Differenz wird importiert

Wir fragten weiter im Schwarzbubenland. «Der Schaden hält sich bei uns in Grenzen», sagte ein Produzent. Allerdings hätten sie zum ersten Mal ein paar Hochstammbäume nicht mehr ernten können. Ein anderer wollte mit seiner Familie ein paar Bäume retten. «Als die geernteten Früchte auf den Tüchern lagen», erinnert er sich, «rochen diese so penetrant nach Essig, dass wir sie wegschütteten.»[IMG 2]

Louis Doppler aus Witterswil im Kanton Solothurn, in dessen Plantagen 240 Niederstammbäume Tafelkirschen und 80 Hochstammbäume Schüttelkirschen stehen, ist frustriert. «Die KEF hat bei uns noch nie solche Schäden verursacht wie 2022. Sogar in den eingenetzten Anlagen beträgt der Verlust 30 Prozent», sagt er. Vor Zeiten der KEF seien jährlich 1000 Tonnen Konservenkirschen abgelesen und gehandelt worden, seit die KEF hier sei, keine mehr. Aber die Schweiz brauche diese Ware, also werde sie importiert. 6000 Tonnen Kirschen würden jährlich vermarktet, die geschätzte Erntemenge betrage rund 2500 Tonnen. Die Differenz zwischen 3000 bis 4000 Tonnen werde einfach importiert.

«Dem Zwischenhandel und den Grossverteilern entsteht kaum Schaden», ereifert er sich. Und fährt weiter: «Dort sollte die KEF zuschlagen, in deren Gestellen und Regalen.» Vielleicht würde dann das Problem endlich erkannt und von höchster Stelle geeignete Gegenmassnahmen ergriffen. Früher habe es nach der Ernte ein fröhliches Familienfest gegeben, dieses Jahr werde es zum «Frustfest».

Weniger freiwillige Helfer

«Zurzeit ist die Kirschenproduktion ein Trauerspiel in mehreren Akten, das vor einiger Zeit angefangen hat», erklärt Philipp Gut, Leiter Fachstelle Spezialkulturen am Wallierhof. Es sei immer mehr in den modernen, gedeckten Kirschenanbau investiert worden und die Hochstammbäume hätten ihre wirtschaftliche Bedeutung verloren.
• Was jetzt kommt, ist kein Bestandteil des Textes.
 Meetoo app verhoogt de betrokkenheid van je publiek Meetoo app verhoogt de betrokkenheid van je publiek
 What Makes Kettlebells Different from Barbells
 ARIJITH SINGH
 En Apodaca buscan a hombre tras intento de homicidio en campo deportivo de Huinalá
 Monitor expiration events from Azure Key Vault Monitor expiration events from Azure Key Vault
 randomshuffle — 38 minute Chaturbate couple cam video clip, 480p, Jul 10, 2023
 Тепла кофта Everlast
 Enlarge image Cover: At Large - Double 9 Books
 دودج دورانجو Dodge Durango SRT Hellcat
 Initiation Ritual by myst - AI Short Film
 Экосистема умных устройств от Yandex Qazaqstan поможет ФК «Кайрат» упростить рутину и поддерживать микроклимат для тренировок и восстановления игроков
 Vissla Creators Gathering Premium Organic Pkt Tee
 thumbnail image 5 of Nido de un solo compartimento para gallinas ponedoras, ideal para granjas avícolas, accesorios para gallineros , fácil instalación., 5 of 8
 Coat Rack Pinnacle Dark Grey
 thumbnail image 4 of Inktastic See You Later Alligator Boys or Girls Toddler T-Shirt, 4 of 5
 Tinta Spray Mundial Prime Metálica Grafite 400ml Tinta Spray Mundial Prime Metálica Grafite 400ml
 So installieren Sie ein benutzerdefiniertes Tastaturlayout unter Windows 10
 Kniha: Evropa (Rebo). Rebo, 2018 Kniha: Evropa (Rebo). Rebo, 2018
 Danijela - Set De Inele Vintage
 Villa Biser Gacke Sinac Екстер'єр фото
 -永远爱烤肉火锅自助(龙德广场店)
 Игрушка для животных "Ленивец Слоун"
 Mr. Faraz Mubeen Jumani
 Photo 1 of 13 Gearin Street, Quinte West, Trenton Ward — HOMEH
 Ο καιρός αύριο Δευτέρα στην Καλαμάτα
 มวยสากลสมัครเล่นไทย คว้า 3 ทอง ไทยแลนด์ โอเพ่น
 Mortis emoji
Auch weil immer weniger Verwandte und Bekannte auf hohe Leitern steigen und ihre Ferien oder freien Tage dafür opfern wollten.

Die Konsument(innen) seien anspruchsvoller und hätten sich an die uniforme Ware und grosse Früchte aus Niederstammkulturen gewöhnt, sagt Gut. Der Handel wolle deshalb die zu kleinen Kirschen der Hochstämme nicht mehr annehmen. Die gesetzlichen Pflegevorschriften wurden gleichzeitig härter und seien bei den verstreut stehenden Hochstammbäumen kaum realisierbar.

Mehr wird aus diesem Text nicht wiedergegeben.